Chad Perrin perrin at
Sun Mar 11 03:53:27 UTC 2012

On Sat, Mar 10, 2012 at 11:31:33PM +0700, Erich Dollansky wrote:
> On Saturday 10 March 2012 22:08:37 Alejandro Imass wrote:
> > 
> > ALL of Windows' problems are precisely based on poor design... just to
> > name a few:

Actually, I disagree with this statement.  Many of MS Windows' problems
are a result of poor management, too.  For instance, the policy of hiding
(known) grave security issues for years, and of launching smear campaigns
against security researchers who get tired of waiting for Microsoft to do
anything about such grave vulnerabilities and thus publish information
for end users to use in making technology decisions and trying to
mitigate their exposure, adds up to a whole lot of problem for MS
Windows, too.

It's certainly true that a lot of problems are based on poor design,

> > 
> > - no clean separation of system and apps
> it is very clearly separated.

Perhaps you can explain the pervasive spread of IE's tentacles throughout
the system for much of the lifetime of the MS Windows family of operating
systems, then.

> > - apps re-write system libs at will
> Isn't this another masterpiece FreeBSD is far off achieving?

I'm not aware of any cases where installing or firing up an editor, web
server, or mail user agent alters base system libraries.  I think you are

> > - no lib versioning
> I think that you are wrong here. It a long time ago but I think I
> remember they put a version number into the library name.

I read "no lib versioning" as meaning "we don't get the same support for
being able to use multiple versions of a library for different purposes,"
but maybe I'm mistaken.

> > - there is not out of the box user / admin separation
> Another point where FreeBSD is far behind. It is not possible to give
> every user on FreeBSD its own account and full administration rights.

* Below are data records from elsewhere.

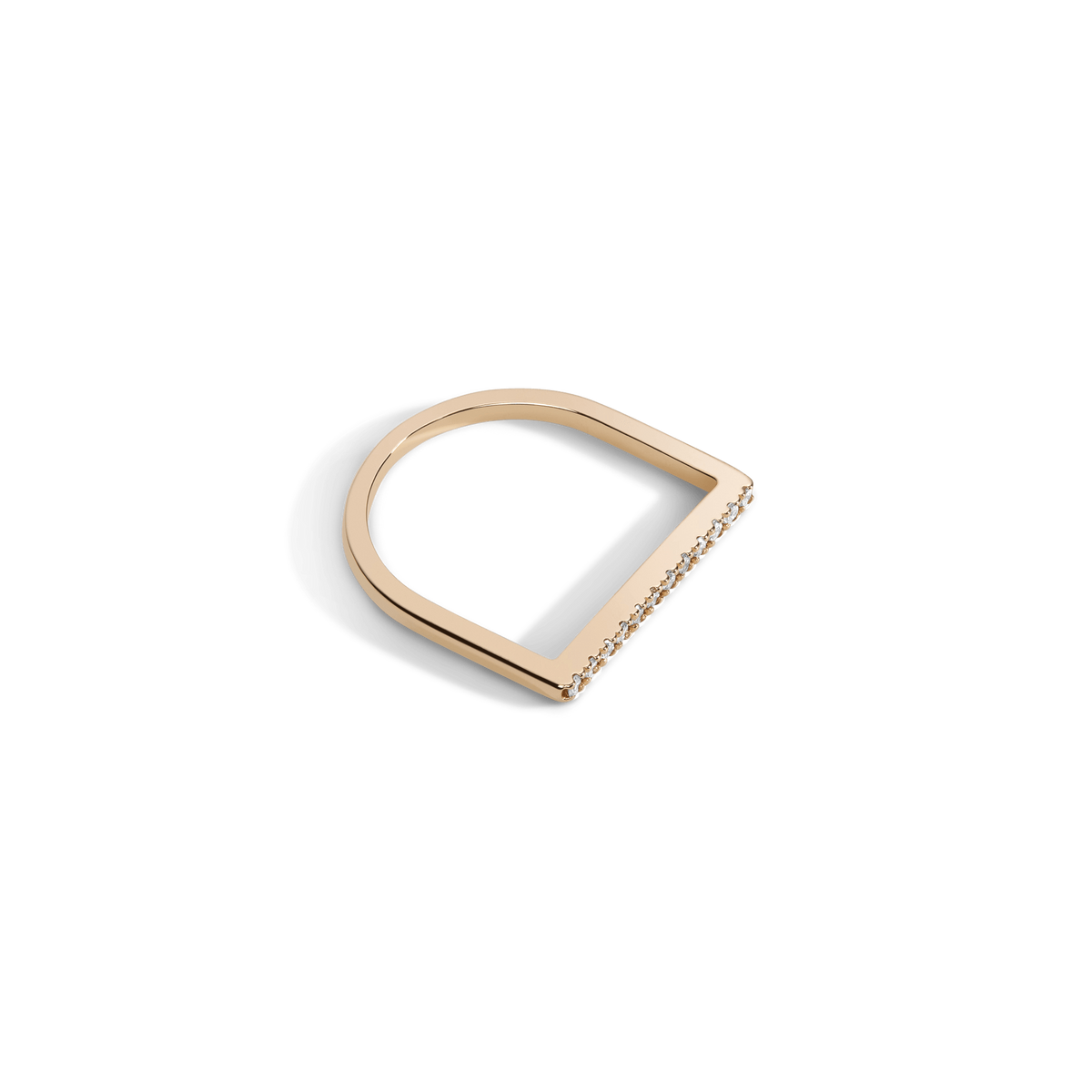 Diamond Bar Square Ring  Yellow Gold Vermeil 14k Yellow Gold 18k Yellow Gold White Diamonds Laid down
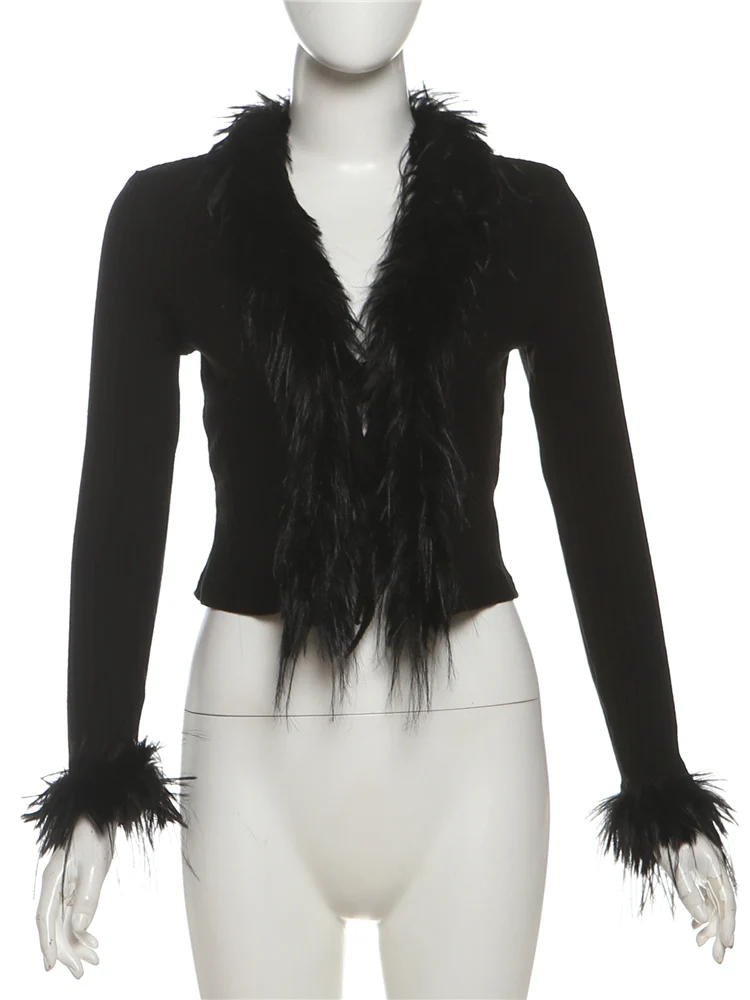 Sisterlinda Furry Knit Patchwork Cardigan Women Sexy Full Sleeve Stretch Skinny Autumn Trend Punk Hottie Wild Street Clubwear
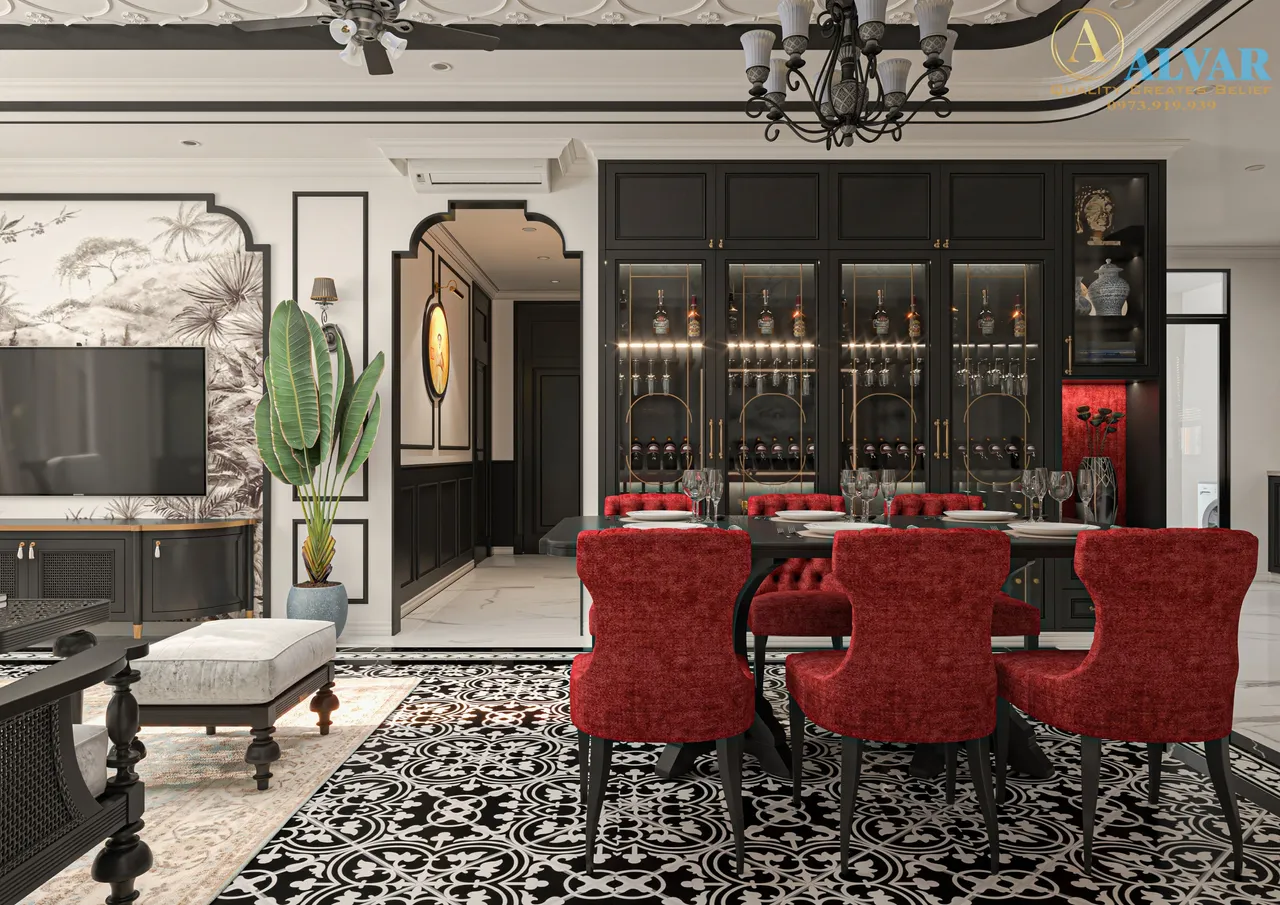 Concept nội thất phòng ăn Nhà phố Bình Phước phong cách Đông Dương Indochine
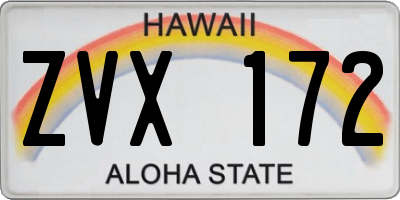 HI license plate ZVX172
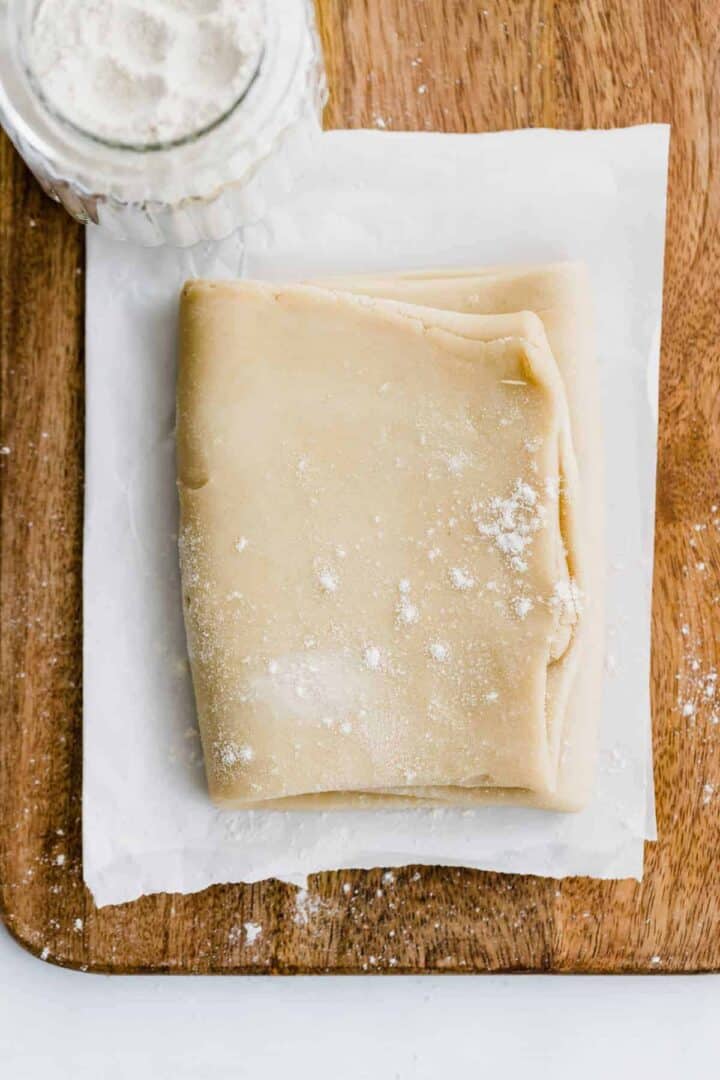 vegan puff pastry on a wooden board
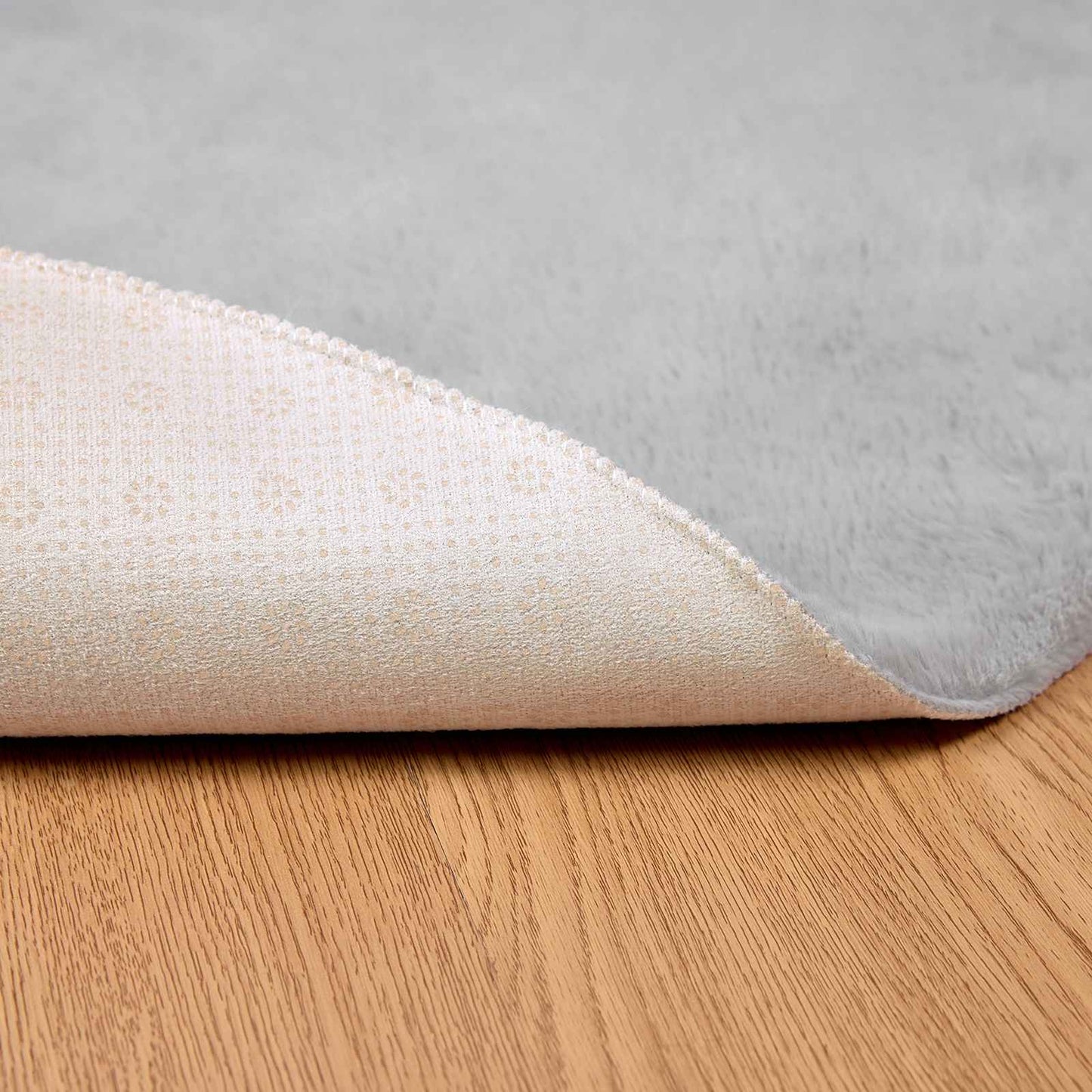 Anti-Slip Faux Rabbit Fur Rug OLITE Grey Ø 120 cm Polyester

1. Plan 9: some kind of next generation rights management and privilege

2. FreeBSD: architectural privilege separation between user accounts

3. MS Windows: user-level restrictions on what users can do, trivially
bypassed by DRM software and malicious code

I think the way you try to paint situations 2 and 3 as being equivalent
is grossly off the mark.

> > - no filesystem-based security
> FAT rules!

Uh . . . what?

> > - default network protocols are insecure
> Windows has meanwhile default network protocols? I think, I have to do
> some catching up.

I suspect this was a reference to things like SMB/CIFS and other common
networking protocols and toolsets on MS Windows systems.